Task directions:
Make an exact copy of the lines starting at the top of the listing below and ending at the line that contains "Air Cooling CG125", inclusive.

- Opening Delimiter -

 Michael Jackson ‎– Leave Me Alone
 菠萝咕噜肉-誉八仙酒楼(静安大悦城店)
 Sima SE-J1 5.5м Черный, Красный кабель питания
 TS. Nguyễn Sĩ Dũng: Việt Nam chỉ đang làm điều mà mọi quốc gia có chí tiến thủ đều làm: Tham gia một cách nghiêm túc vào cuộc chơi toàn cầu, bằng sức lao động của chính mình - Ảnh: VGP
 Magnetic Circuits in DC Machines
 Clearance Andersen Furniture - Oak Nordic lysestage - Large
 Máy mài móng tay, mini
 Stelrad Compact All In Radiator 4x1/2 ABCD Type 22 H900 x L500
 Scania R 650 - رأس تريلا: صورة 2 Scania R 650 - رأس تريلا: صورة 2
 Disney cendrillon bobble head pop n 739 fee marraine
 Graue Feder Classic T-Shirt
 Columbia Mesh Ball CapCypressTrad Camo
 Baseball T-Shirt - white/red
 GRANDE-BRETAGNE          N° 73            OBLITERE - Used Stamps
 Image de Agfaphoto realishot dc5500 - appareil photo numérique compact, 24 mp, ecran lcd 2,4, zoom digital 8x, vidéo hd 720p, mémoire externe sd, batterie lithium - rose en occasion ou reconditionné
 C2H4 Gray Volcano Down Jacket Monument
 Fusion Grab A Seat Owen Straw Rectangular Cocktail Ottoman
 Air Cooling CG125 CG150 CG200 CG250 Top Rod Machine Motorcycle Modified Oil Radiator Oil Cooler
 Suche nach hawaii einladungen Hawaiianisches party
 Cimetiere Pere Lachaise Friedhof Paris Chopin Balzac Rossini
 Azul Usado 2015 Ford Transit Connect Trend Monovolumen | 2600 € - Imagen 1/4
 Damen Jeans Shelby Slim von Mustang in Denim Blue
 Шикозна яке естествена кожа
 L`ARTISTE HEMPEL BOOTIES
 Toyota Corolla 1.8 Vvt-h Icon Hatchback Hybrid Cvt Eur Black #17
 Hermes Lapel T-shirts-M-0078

- Closing Delimiter -

Task answer:
 Michael Jackson ‎– Leave Me Alone
 菠萝咕噜肉-誉八仙酒楼(静安大悦城店)
 Sima SE-J1 5.5м Черный, Красный кабель питания
 TS. Nguyễn Sĩ Dũng: Việt Nam chỉ đang làm điều mà mọi quốc gia có chí tiến thủ đều làm: Tham gia một cách nghiêm túc vào cuộc chơi toàn cầu, bằng sức lao động của chính mình - Ảnh: VGP
 Magnetic Circuits in DC Machines
 Clearance Andersen Furniture - Oak Nordic lysestage - Large
 Máy mài móng tay, mini
 Stelrad Compact All In Radiator 4x1/2 ABCD Type 22 H900 x L500
 Scania R 650 - رأس تريلا: صورة 2 Scania R 650 - رأس تريلا: صورة 2
 Disney cendrillon bobble head pop n 739 fee marraine
 Graue Feder Classic T-Shirt
 Columbia Mesh Ball CapCypressTrad Camo
 Baseball T-Shirt - white/red
 GRANDE-BRETAGNE          N° 73            OBLITERE - Used Stamps
 Image de Agfaphoto realishot dc5500 - appareil photo numérique compact, 24 mp, ecran lcd 2,4, zoom digital 8x, vidéo hd 720p, mémoire externe sd, batterie lithium - rose en occasion ou reconditionné
 C2H4 Gray Volcano Down Jacket Monument
 Fusion Grab A Seat Owen Straw Rectangular Cocktail Ottoman
 Air Cooling CG125 CG150 CG200 CG250 Top Rod Machine Motorcycle Modified Oil Radiator Oil Cooler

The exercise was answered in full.